### [Records provided]

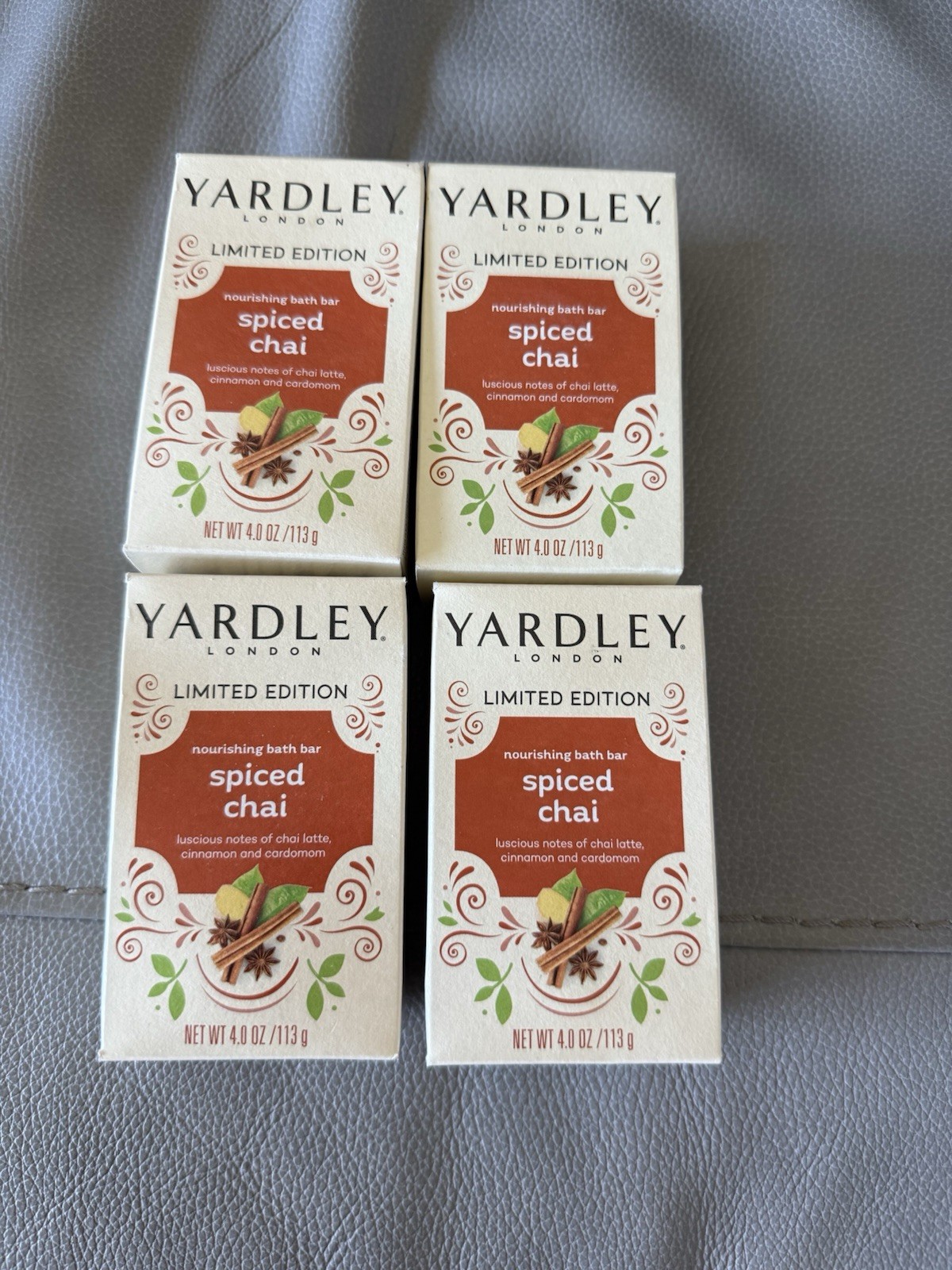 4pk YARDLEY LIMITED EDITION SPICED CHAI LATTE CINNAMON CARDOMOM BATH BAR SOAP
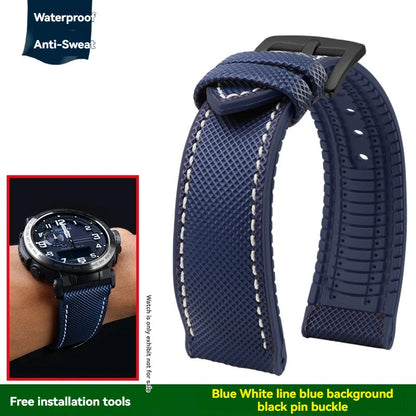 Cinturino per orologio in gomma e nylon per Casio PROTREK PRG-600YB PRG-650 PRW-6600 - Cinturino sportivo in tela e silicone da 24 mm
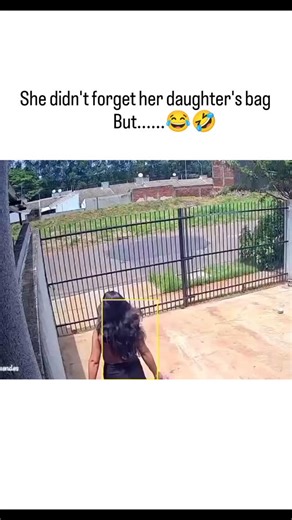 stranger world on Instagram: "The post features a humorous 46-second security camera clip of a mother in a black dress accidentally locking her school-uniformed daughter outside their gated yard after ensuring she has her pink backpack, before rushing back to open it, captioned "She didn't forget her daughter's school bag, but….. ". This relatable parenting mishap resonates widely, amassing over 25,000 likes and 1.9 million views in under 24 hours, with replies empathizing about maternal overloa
---
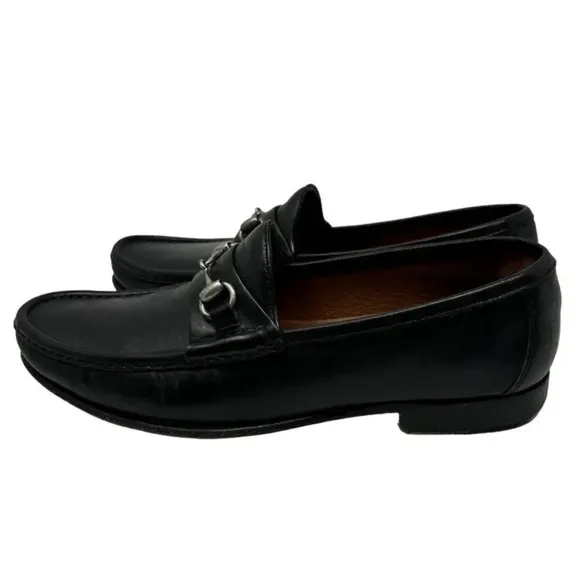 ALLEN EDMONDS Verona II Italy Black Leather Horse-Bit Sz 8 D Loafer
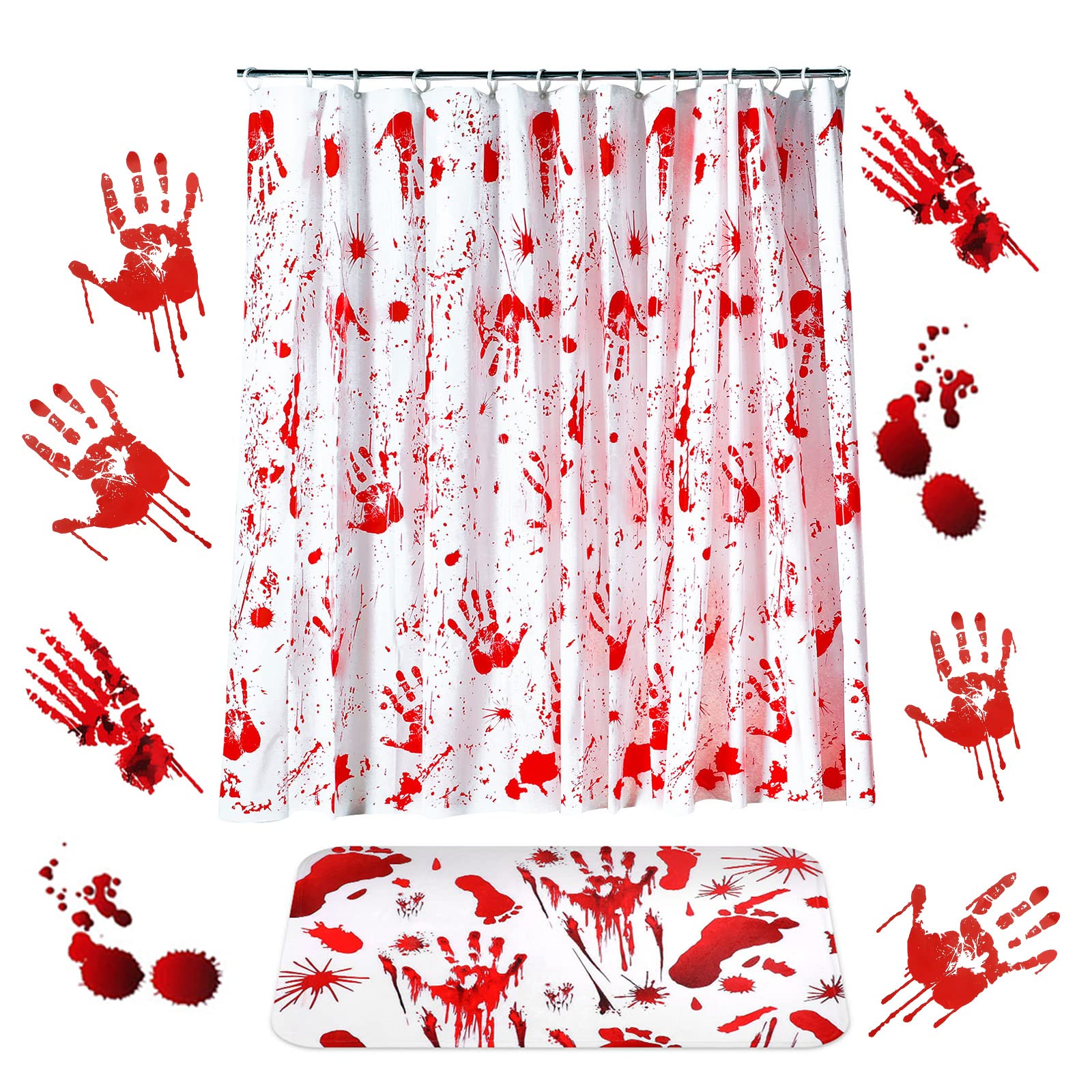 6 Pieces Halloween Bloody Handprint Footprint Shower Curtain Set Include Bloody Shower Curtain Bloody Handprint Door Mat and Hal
---
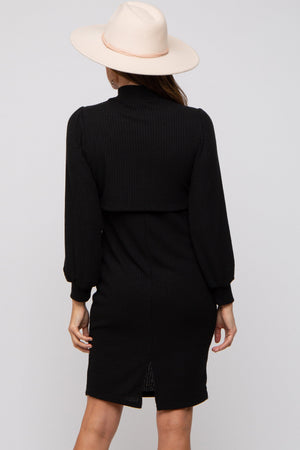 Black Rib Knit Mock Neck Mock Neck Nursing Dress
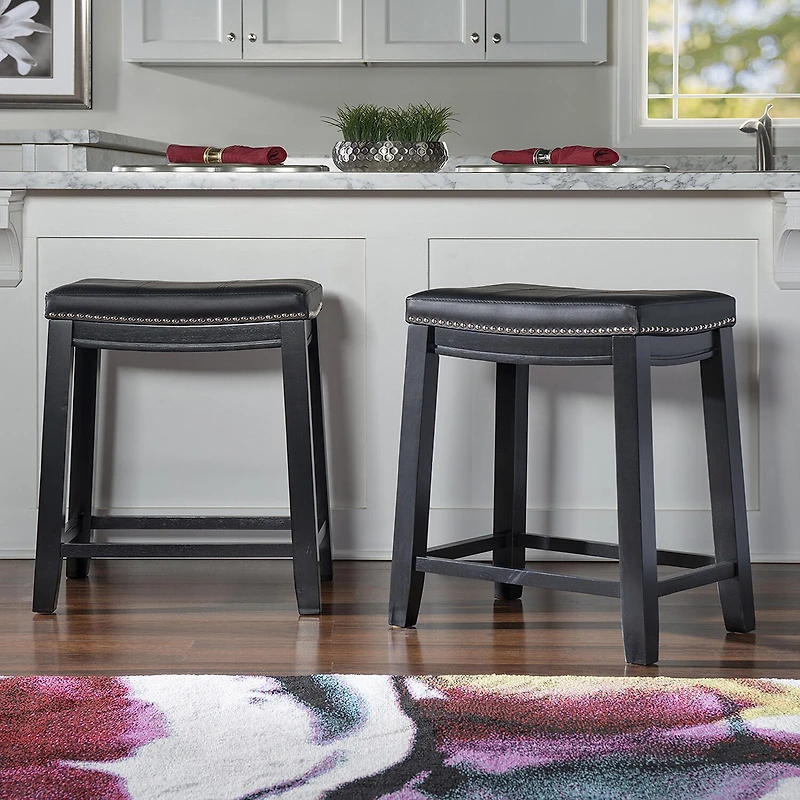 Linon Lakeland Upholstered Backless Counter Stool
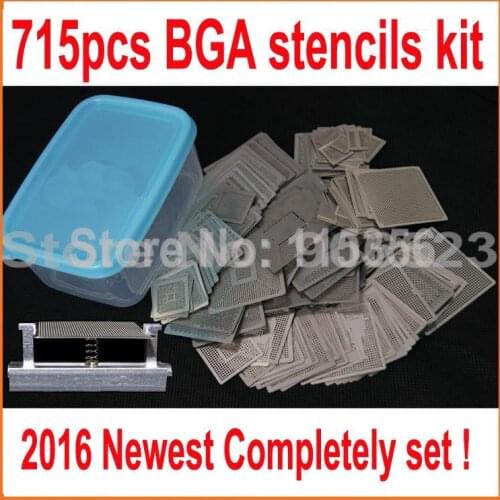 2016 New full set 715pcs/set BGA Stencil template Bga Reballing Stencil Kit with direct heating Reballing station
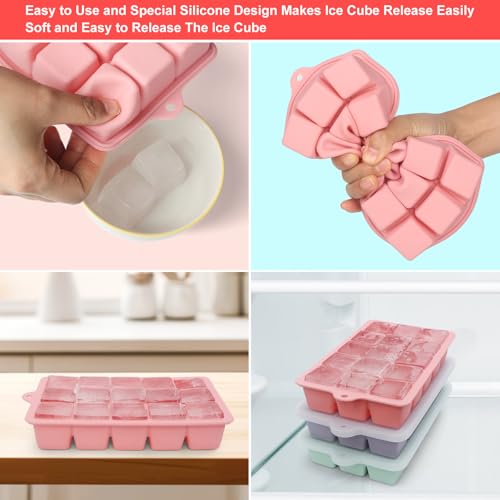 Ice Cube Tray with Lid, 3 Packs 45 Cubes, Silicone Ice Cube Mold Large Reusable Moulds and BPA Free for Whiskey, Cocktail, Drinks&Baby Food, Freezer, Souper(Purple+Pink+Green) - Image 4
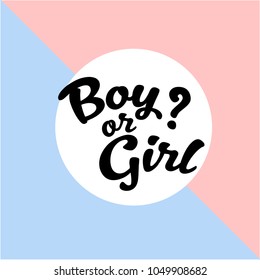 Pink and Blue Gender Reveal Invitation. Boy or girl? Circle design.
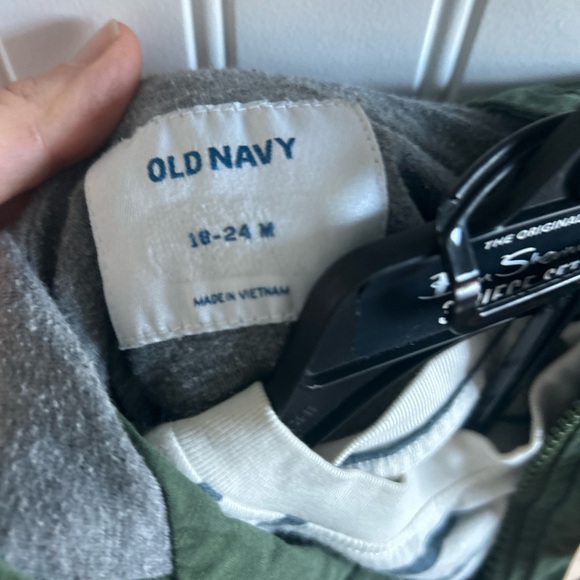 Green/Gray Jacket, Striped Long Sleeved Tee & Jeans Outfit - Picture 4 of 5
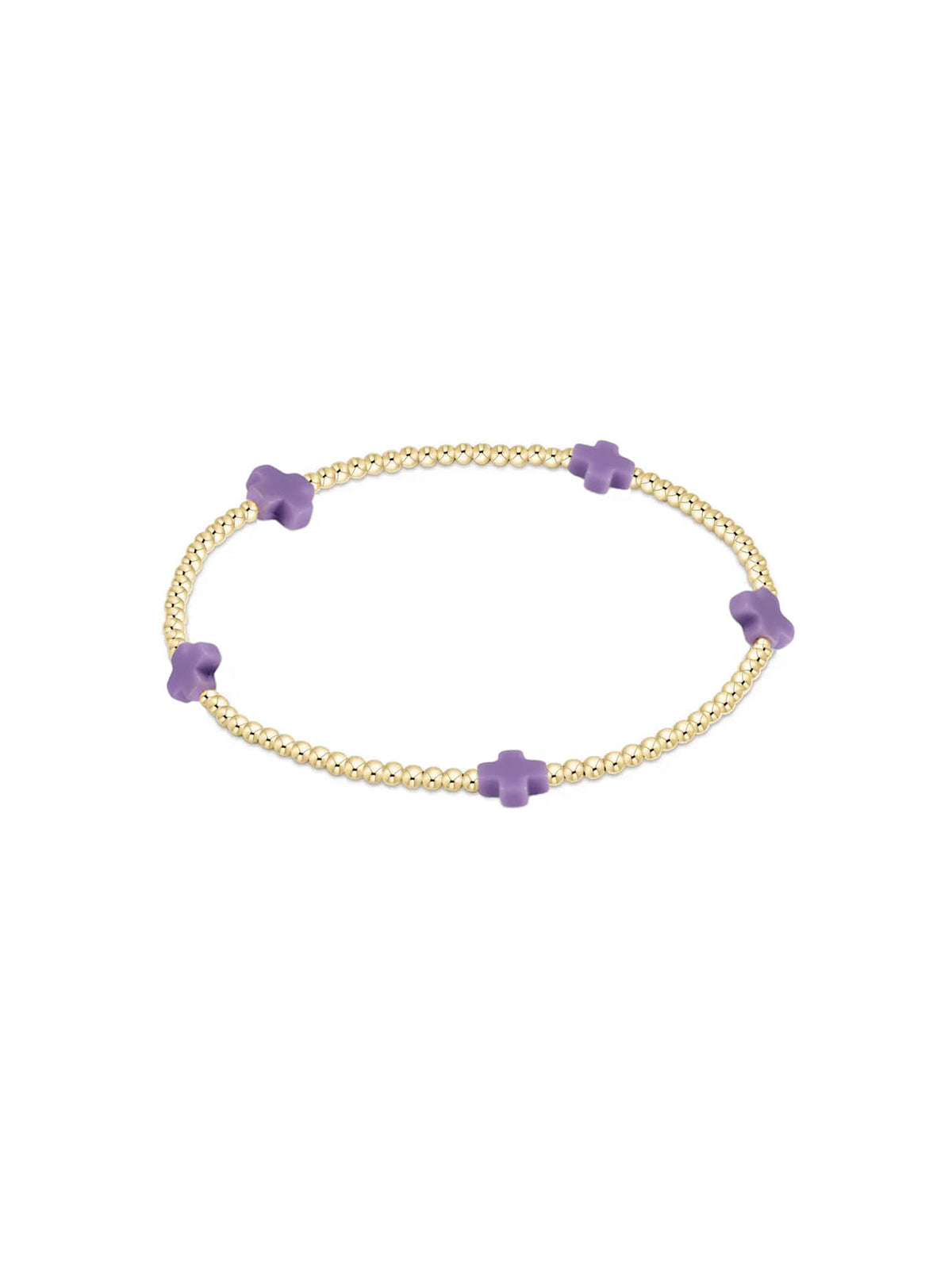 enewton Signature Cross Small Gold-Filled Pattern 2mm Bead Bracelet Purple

### [Exercise details]
Nothing but the lines from the one with "ALLEN EDMONDS Verona" up to and including the one with "6 Pieces Halloween" should be printed, exactly as they read above. Please keep the pictures out.

### [Exercise response]
 ALLEN EDMONDS Verona II Italy Black Leather Horse-Bit Sz 8 D Loafer
 6 Pieces Halloween Bloody Handprint Footprint Shower Curtain Set Include Bloody Shower Curtain Bloody Handprint Door Mat and Hal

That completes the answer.